STAMFORD — The Trinity Catholic football team has always been noted for having tough players that get the most out of their ability, and for an offense that would go a few yards and a cloud of dust.
That was due in part because the Crusaders — hopefully for only just a little longer — are one of only two teams with grass fields capable of producing any dust.
Now they also have a vertical game with the capability of being more dangerous than at any time in recent memory.
That was apparent even to those who stopped by the school Saturday afternoon even for only a short time as the Crusaders hosted Westhill in the first step toward the city title. Eighteen minutes and 16 seconds in football time, to be precise.

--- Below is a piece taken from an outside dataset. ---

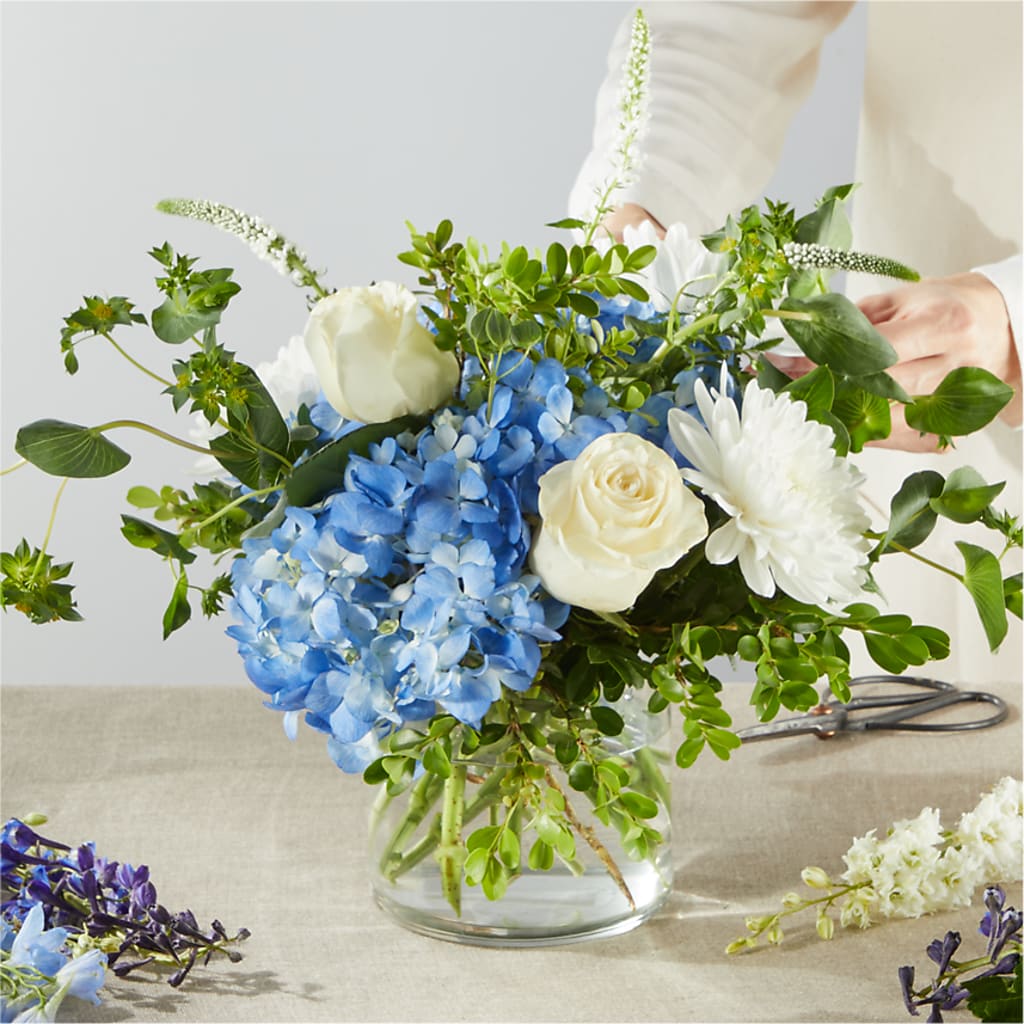 Festival of Lights – A Florist Original –  Carisma Florists, Mississauga ON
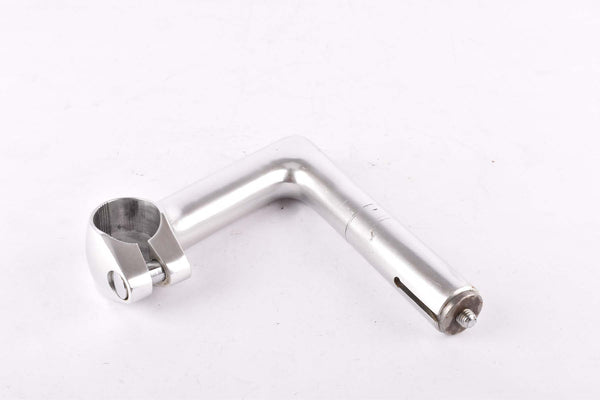 Cinelli 1A stem (Cinelli Milano Logo) in size 110 mm with 26.0 mm bar clamp size from the 1970s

Trinity scored five touchdowns in that span, on only 11 plays. Four of them came on passes from new quarterback Anthony Lombardi to Randy Polonia, the first covering a paltry 18 yards, the second a screen that Polonia danced his way for 80 yards, and the last two bombs of 55 and 76 yards where Lombardi hit his receiver in stride.
That gave the Crusaders a commanding and somewhat surprising 32-7 lead. They were able to withstand a furious rally by the Vikings before improving to 2-0 with a 38-28 win.
“It’s great, but I’m not used to it,” Trinity coach Donny Panapada said about a situation few coaches are accustomed to, but would like to have. “It’s great, but you have to be able to do the other stuff. We have to be a little bit more balanced.”
Still, with the Vikings (1-1) stacking the box and unable to get pressure on Lombardi, Trinity tapped the long distance version of pitch and catch, with Polonia, the pitcher who was the FCIAC baseball player of the year, in a different role.
“It’s great. Anthony has a beautiful ball,” Polonia said. “I try to beat the corners and the safeties outside, and if they try to play me 20 yards off then we’ll beat them underneath. We executed.”
Perhaps the only negative residual is putting the defense on the field for longer stretches, though that had little to do with an exceeding number of penalties that smoothed the way for Westhill, which to its credit never backed down when falling behind by so much so fast.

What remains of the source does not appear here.